Most promises aren't really promises. They’re an emergency reaction to a difficult situation, usually involving a wife, an uncompleted task and the need to string together a vaguely comprehensible series of words in order to buy time for the mysterious magical pixie fairies to complete the job. (Incidentally this approach has yet to work. Who stole my magical mysterious fairy pixies?) But sometimes a promise is a promise. Almost 15 years ago I met this little golden ball of fur. She was alone in the corner of her wooden crate at the back of the shelter, shaking and shivering and scared out of her mind. Alone because she’d had worms. Alone because 3 people had brought her back. Alone because I hadn't come to collect her yet. Except -  we were there to get my wife a dog, because she was in a lot of pain [the wife, not the dog, soon to result in major back surgery] and she needed cheering up. Plus my wife has had a dog all her life, my wife loves dogs, I love my wife, and I had to make up for all the times the magical mysterious fairy pixies had failed to do what they promised (b*tches). We were not there for me. I didn't like dogs, I was scared of dogs. We were not there for me.

Then the owner of the shelter put this scared little scrawny ball of fur in my arms, and she was home. And my wife kept telling me I didn't have to hold the dog if I didn't want to, I could put the dog down if I wanted to, no really, put the dog down, hey, I want to see the dog, PUT – THE – DOG – DOWN. And she kept telling me that we didn't have to take this dog simply because it was the first one we’d seen. Silly woman. Eventually I did need to put the dog down because we had to sign some papers that said – this is my wife’s dog, and I promise to take good care of her. (the dog, not the wife). We knew she was my wife’s dog because she got to name her. I was going to name her Chevron, but the owner of the dog overruled me and said her name was Chelsea.

So Chelsea came home with us in the car. Sat on my knee in the passenger seat, puking. I mean PUKING, I mean 1 litre of vomit per minute per ounce of dog puking. The entire front of my blue shirt was soaked through yellow and green, and Wendy was scared out of her mind. I’d bought her a dog and it was throwing up on me and look what it had done to me and I was going to hate it. Silly woman. This scared frightened ball of fur was home, and I was holding her tight and never letting her go. And I kept telling her, I promised, that everything was going to be alright, and I was going to look after her for the rest of her life. But still Wendy was scared. Silly woman. We stopped halfway home at a petrol station so I could clean up. Wendy went off to get some paper towels, and Chelsea looked up, then back to me, not bothered at all.  I cleaned up then went to throw out the towels and started to walk away. Chelsea SCREAMED. This tiny little puppy screamed and screamed until I came back, but as soon as I sat in the car and picked her up she stopped, she snuggled. She was my dog. She was home.

Almost 15 years later I kept my promise to her.
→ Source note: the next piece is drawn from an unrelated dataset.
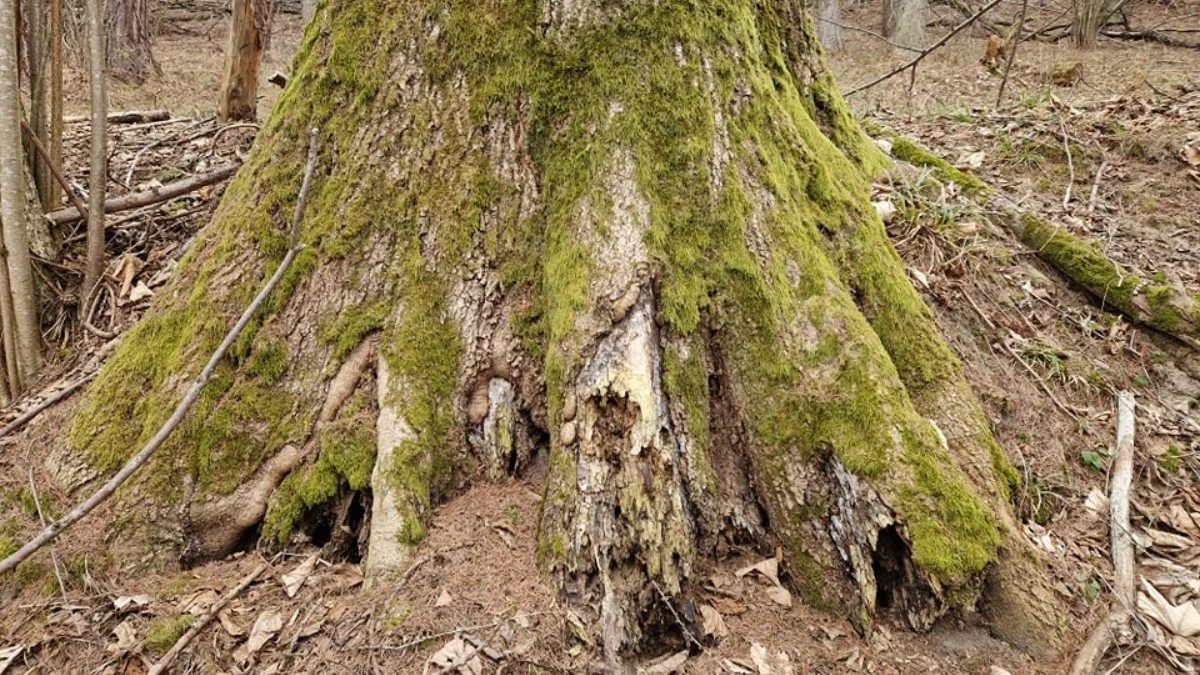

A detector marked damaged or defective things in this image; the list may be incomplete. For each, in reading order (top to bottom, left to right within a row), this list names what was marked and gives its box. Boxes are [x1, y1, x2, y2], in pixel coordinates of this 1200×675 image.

broken stick [44, 164, 237, 224]
broken stick [0, 128, 319, 576]
broken stick [146, 559, 266, 667]
broken stick [1070, 389, 1132, 672]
She was an Old Bear, tired through drugs and pain, but still wagging, still snuggling, still patrolling, albeit on 3 legs, still telling the birds to get the hell out of her airspace, still wanting to come with, still stopping to sniff the air, sniff the flowers, and people watch as everyone went by. But she had an evil cancer in her leg, one which was spreading, one which was going to cause her agony, much more sooner than later. So when she was still happy Bear, when she was still her waggy Bearness, we sat with her in her garden one last time. She went for a last walk round the perimeter, then curled up with us in the centre of her tartan rug. And as my wife gently held her she looked at me and asked me if she was going to be alright and I told her yes, because I made her a promise that I would always look after her. I got one last hand lick, then she went to sleep, peacefully and quickly. After taking a moment to shoot one last evil look at the vet. There’s no happy ending to this story. There can’t be, because any day without a Bear in it is wrong. Anytime she’s not there to greet me when I come home, and latterly when I arrive home and she’s too deaf to hear me come in, then she looks up from her snuggle sack at the back door 5 minutes later and tries to wag her buried tail, then gives me a look that says “hey, I’m an Old Bear, d’ya think you could get yo ass over here so I can say hello to you?” So tonight I ask you to raise a glass of something, preferably Scottish, to the best thing that could have been given to me for the last 15 years. A toast to life lived, loved and left. Then tomorrow, if you can, find yourself a sand dune and run through the long grass Chelsea will be there with you.